RECORD EXTRACTS below:

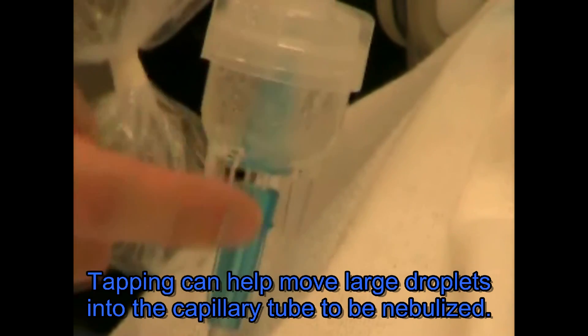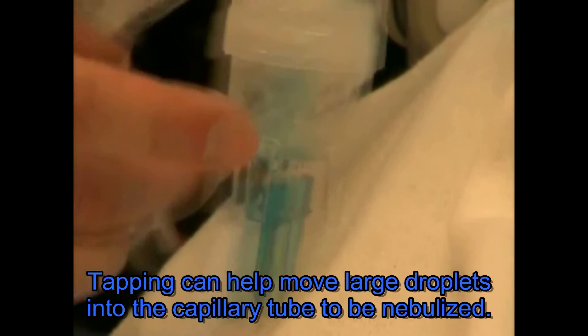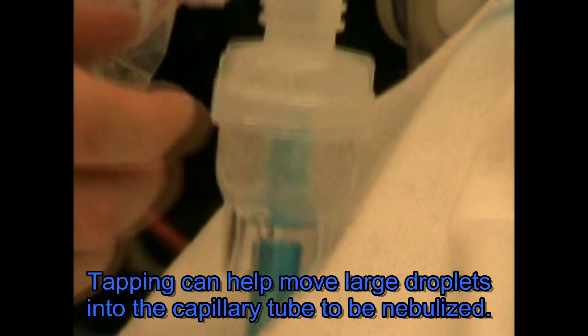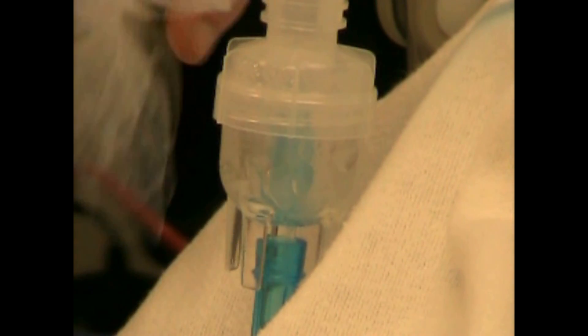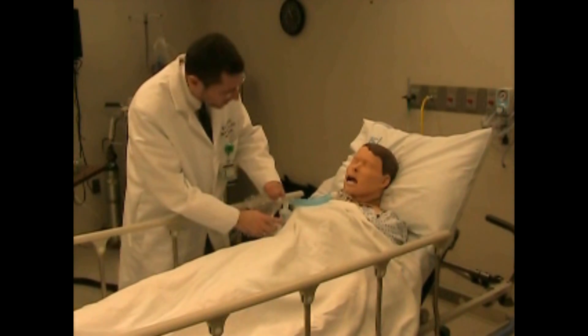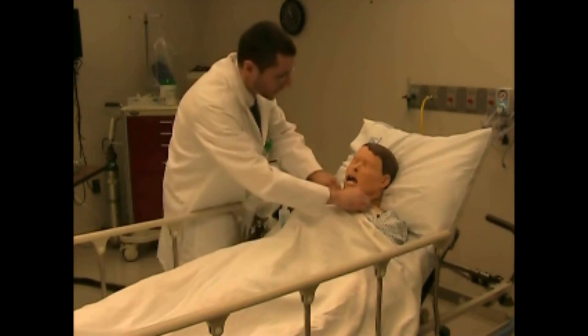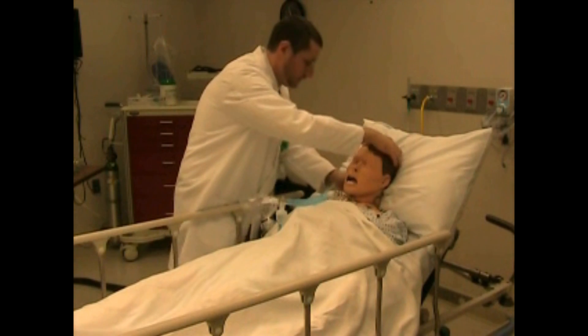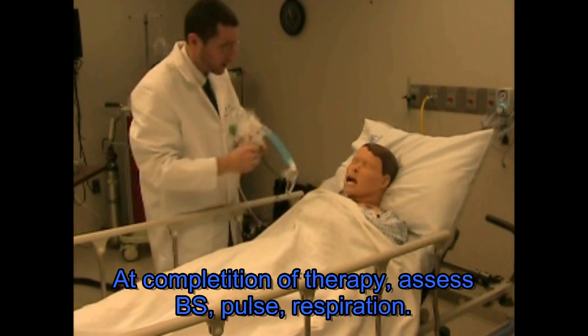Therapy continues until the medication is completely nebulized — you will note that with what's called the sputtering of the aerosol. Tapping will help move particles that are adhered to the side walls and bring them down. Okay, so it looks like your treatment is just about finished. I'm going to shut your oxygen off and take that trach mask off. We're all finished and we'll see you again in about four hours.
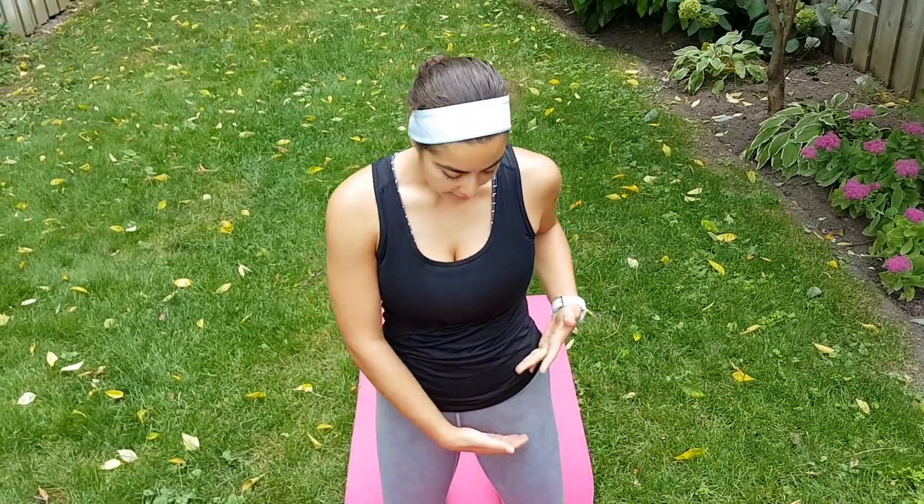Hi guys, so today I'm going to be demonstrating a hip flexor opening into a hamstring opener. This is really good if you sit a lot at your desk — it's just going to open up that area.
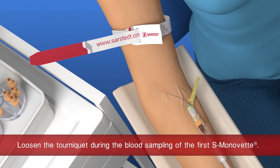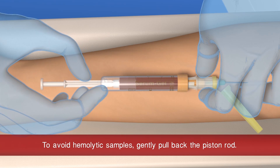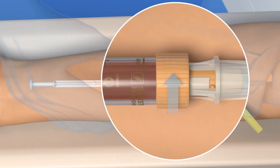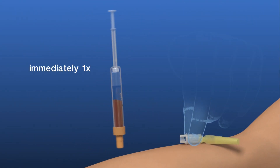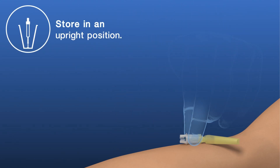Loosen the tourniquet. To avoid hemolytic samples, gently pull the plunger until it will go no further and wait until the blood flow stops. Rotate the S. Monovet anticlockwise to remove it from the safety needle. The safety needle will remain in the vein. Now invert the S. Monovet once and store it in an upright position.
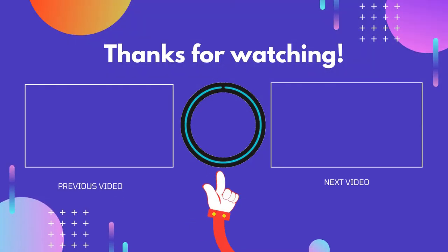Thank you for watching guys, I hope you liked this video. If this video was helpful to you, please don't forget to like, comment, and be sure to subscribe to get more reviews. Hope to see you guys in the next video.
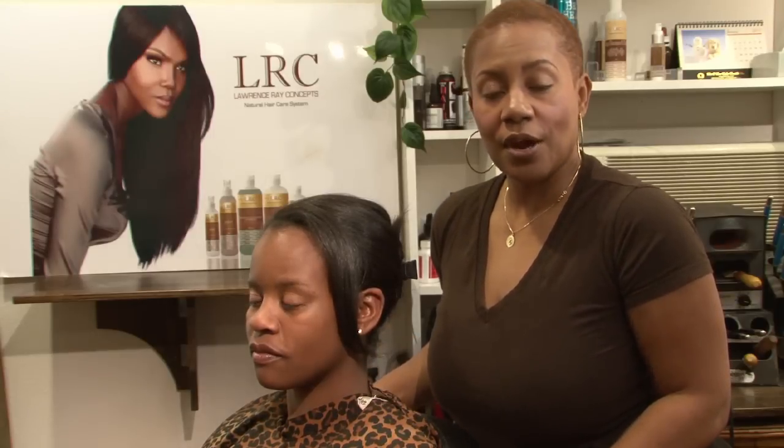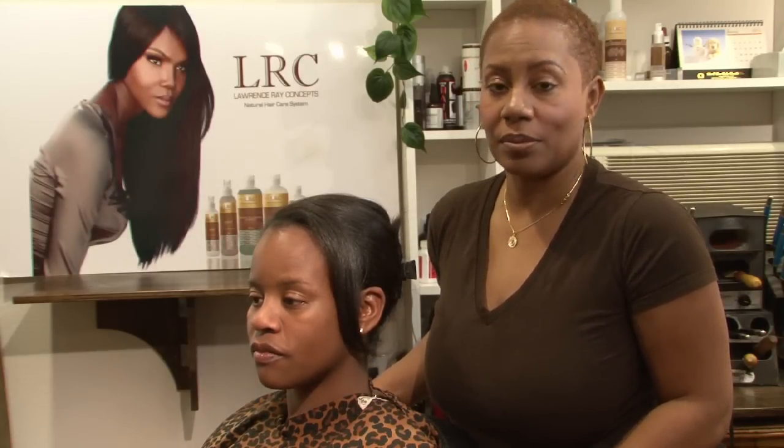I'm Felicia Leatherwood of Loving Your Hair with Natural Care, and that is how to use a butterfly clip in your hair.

End of RECORD EXTRACTS.

## WORK TASK
Would you please copy, exactly and only, the lines from the one with "Thank you for" through the end of the entries above, skipping every picture?

## SOLUTION TO THIS EXERCISE
Thank you for watching guys, I hope you liked this video. If this video was helpful to you, please don't forget to like, comment, and be sure to subscribe to get more reviews. Hope to see you guys in the next video.
I'm Felicia Leatherwood of Loving Your Hair with Natural Care, and that is how to use a butterfly clip in your hair.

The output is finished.